Mi abuelo me trataba como un adulto, como una rica, me decía: “licenciada vamos a la milpa, licenciada vamos a pescar, licenciada vamos a comer, ¿qué quiere comer hoy?” Y me trataba ya como una adulta, de lo que yo iba a ser en mi futuro y me encantaba porque decía: ¡ay mi abuelo, qué ocurrencias!
¿En qué momento comenzaste a leer, dónde está tu encuentro con la lectura?
―Cuando tenía seis años me fui a primero de primaria con mi maestra Sebastiana, me acuerdo, Sebastiana Rodríguez.
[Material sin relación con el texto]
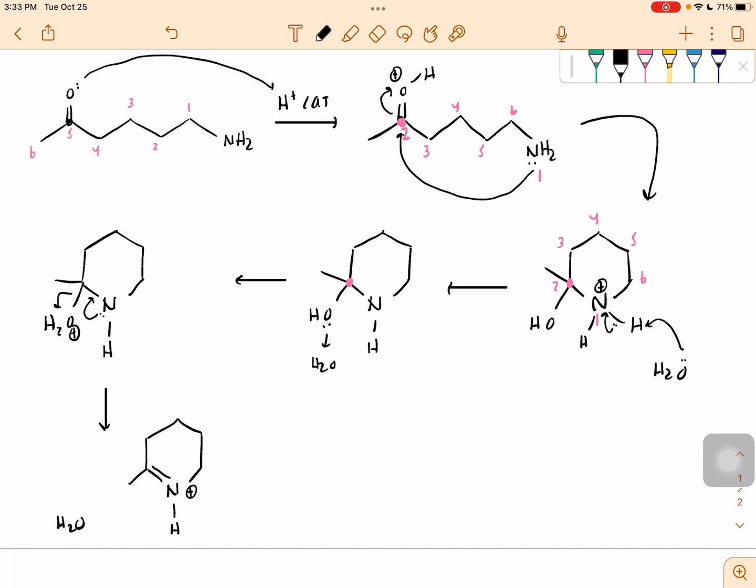In order to make my nitrogen happy, I know that I have to deprotonate it. Maybe the water that we just formed or a different water molecule is going to come in, take this hydrogen away, and then I'm going to have my final imine product and it's going to be happy. So this is what I just formed.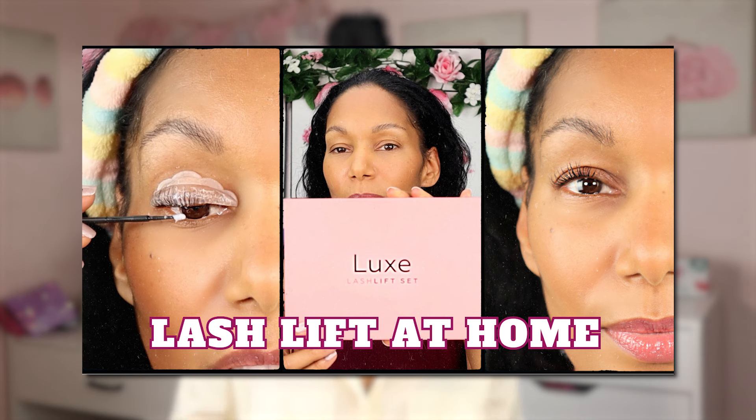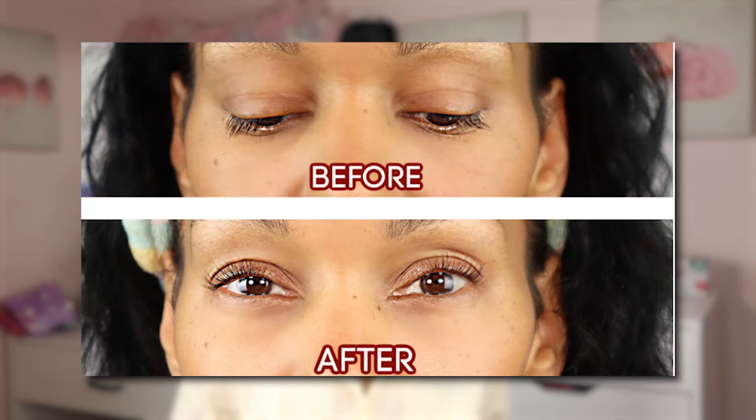Hey babies! Welcome to Kimberly Worldwide. I'm your host Kim, and a couple of weeks ago I did a video called My First Lash Lift where I showed you how I did a lash lift on myself. That video created so many questions on my blog, my social media, and on the video itself, so rather than answering them all I decided to make this quick video to answer questions and give tips on the lash lift process.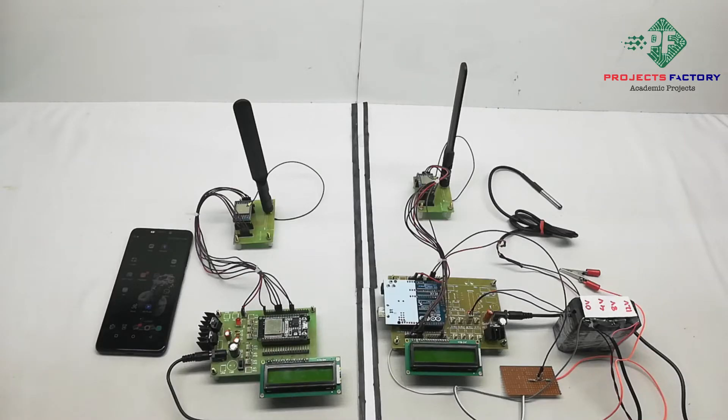This project is a LoRa battery health monitoring system. Here we are monitoring battery voltage and temperature through LoRa and IoT.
Me regañaba mucho, me decía: eres una traviesa, me distraes a los niños, eres muy traviesa, mejor vete a jugar, y me salía a jugar y no entendía por qué me sacaba y era porque yo sabía leer y escribir, por eso distraía a los niños y pobrecita, pues ella enseñándoles y yo distrayéndole a los niños.
―¿Y cómo es que aprendiste a leer?
―Es que mi papá era el maestro de la escuela y yo lo acompañaba y así aprendí sin darme cuenta. Por eso te dije que tenía “papitis”, porque éramos “muéganos” mi papá y yo, que hace dos años falleció. Entonces un día me dijo: voy a hablar con el maestro de segundo, Nicodemus Morgado García, me acuerdo, porque te vas a segundo año. Y me fui a segundo año.
―Sé que tienes una licenciatura en pedagogía.
―Sí, pero primero la normal, hace tiempo, después de la secundaria ya nos íbamos a la normal. Yo no estudié la prepa, me fui a una normal abierta que se llamaba Instituto de Mejoramiento Profesional del Magisterio, en San Luis Potosí, donde estuve unos meses y me regresé a Veracruz a estudiar la normal. Como era bilingüe náhuatl — porque yo primero hablé náhuatl y en la primaria como que medio masticaba ya el español—, fui primero promotora cultural bilingüe. Al terminar la normal ingresé a la Universidad Pedagógica Nacional, en el campus Coatzacoalcos, para estudiar la Licenciatura en Educación Primaria. Las clases eran sábados y domingos en Acayucan, y de lunes a viernes trabajaba en la comunidad con los niños, les enseñaba a leer y escribir. Fundé muchísimas escuelas en el sur de Pajapan.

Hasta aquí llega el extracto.